Migrasi Tinggi Minim Regulasi, Ada Sesuatu di Yogyakarta

Migrasi Tinggi Minim Regulasi, Ada Sesuatu di Yogyakarta
0 Komentar

Kebanyakan orang yang memilih menetap di Kota Yogyakarta didasarkan atas berbagai macam faktor penyebab. Mulai dari melanjutkan pendidikan hingga tuntutan pekerjaan. Kota Yogyakarta, seperti yang sudah diketahui banyak orang, dikenal sebagai daerah yang masih lekat dengan yang namanya kesenian dan kebudayaan. Banyak nilai seni dan budaya di sana yang pada akhirnya menjadi salah satu nilai jual, sehingga banyak migrasi masuk dan menetap di Kota Yogyakarta. Tidak hanya itu, sejak dahulu kota ini terkenal akan sebutan kotanya para pelajar. Jelas saja, banyak kampus kenamaan di sana, mulai dari perguruan tinggi negeri sampai swasta yang memiliki reputasi baik di dunia pendidikan nasional. Alhasil, banyak pelajar dan mahasiswa dari luar wilayah tersebut mengemban ilmu dan menetap di Kota Yogyakarta.

Di samping kedua alasan tadi, yaitu karena memiliki nilai seni dan budaya yang tinggi, serta sebagai kota pelajar, ada satu alasan lain mengapa Yogyakarta menjadi destinasi favorit warga untuk menetap di sana.
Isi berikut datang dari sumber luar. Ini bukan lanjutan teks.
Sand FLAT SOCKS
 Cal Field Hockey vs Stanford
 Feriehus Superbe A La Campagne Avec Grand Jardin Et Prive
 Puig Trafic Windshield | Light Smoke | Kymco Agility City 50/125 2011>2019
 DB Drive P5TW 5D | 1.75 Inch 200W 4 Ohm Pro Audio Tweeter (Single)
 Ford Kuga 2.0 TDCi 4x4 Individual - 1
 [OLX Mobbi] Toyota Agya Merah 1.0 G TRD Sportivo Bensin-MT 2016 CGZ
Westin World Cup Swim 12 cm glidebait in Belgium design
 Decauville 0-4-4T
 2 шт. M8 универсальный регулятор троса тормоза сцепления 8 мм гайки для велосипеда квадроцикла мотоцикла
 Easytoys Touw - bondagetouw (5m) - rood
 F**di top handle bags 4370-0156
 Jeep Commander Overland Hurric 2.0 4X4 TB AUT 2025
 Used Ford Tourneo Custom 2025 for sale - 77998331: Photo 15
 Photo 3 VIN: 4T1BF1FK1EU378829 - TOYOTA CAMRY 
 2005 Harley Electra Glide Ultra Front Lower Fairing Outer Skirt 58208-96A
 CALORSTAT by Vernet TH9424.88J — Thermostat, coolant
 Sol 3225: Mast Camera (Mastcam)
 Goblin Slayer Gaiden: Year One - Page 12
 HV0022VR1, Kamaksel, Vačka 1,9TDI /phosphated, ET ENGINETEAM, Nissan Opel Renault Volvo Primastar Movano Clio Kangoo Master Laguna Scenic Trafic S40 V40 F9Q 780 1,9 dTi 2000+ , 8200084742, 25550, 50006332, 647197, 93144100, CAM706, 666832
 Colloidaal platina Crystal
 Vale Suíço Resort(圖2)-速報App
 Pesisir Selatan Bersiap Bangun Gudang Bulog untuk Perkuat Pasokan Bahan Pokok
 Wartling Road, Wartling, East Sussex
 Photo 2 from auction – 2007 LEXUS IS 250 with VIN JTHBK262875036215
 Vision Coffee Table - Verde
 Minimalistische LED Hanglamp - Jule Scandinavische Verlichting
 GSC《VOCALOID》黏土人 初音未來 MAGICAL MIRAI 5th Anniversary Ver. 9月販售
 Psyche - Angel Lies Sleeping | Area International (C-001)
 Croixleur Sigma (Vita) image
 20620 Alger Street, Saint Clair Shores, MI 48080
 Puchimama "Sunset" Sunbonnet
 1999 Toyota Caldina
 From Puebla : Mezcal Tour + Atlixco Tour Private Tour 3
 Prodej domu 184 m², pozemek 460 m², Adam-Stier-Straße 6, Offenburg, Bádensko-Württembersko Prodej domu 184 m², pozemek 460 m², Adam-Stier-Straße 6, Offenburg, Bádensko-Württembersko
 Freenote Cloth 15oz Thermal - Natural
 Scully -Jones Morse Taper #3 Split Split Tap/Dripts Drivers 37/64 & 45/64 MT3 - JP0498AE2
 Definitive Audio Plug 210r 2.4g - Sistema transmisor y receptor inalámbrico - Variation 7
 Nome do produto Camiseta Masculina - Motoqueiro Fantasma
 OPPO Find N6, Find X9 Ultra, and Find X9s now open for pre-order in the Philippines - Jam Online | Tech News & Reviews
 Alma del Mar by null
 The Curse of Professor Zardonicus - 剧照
Alasan yang sebenarnya agak kontradiktif menurut saya jika dilihat dari nominal Upah Minimum Provinsi (UMP) Yogyakarta yang tidak mencapai angka dua juta rupiah. Meskipun pada Upah Minimum Regional (UMR), Kota Yogyakarta menjadi yang tertinggi di antara wilayah lain yang ada di Daerah Istimewa Yogyakarta (DIY). Faktanya, Yogyakarta juga dikenal sebagai sentra bisnis, tepatnya di kawasan Malioboro. Memang, biaya hidup di sana lebih murah, tetapi jelas dengan nilai UMP yang rendah, alasan menetap di Yogyakarta karena ingin bekerja adalah kurang tepat. Saya sepakat jika Yogyakarta unggul dalam aspek budaya dan pendidikan, tetapi tidak untuk ekonomi. Sependek analisis saya, UMP yang rendah hanya akan menciptakan kesenjangan ekonomi berkelanjutan di sana.

Jika migrasi masuk yang tiap tahun terus meningkat, sedangkan tidak ada kebijakan yang secara fokus memang berkonstentrasi pada isu ini, bukan tidak mungkin jika Kota Yogyakarta akan terus menemukan permasalahan yang sama tiap tahunnya. Setidaknya ada satu dampak negatif yang masih menjadi permasalahan akibat migrasi masuk ini. Dampak yang timbul dan menjadi keresahan penduduk asli sana ialah konflik antar warga asli dan pendatang. Tak jarang, konflik antar pendatang juga kerap terjadi di Yogyakarta. Baru-baru ini yang terjadi di daerah Babarsari, yaitu tawuran antar pelajar mahasiswa yang bukan berasal dari Yogyakarta itu sendiri.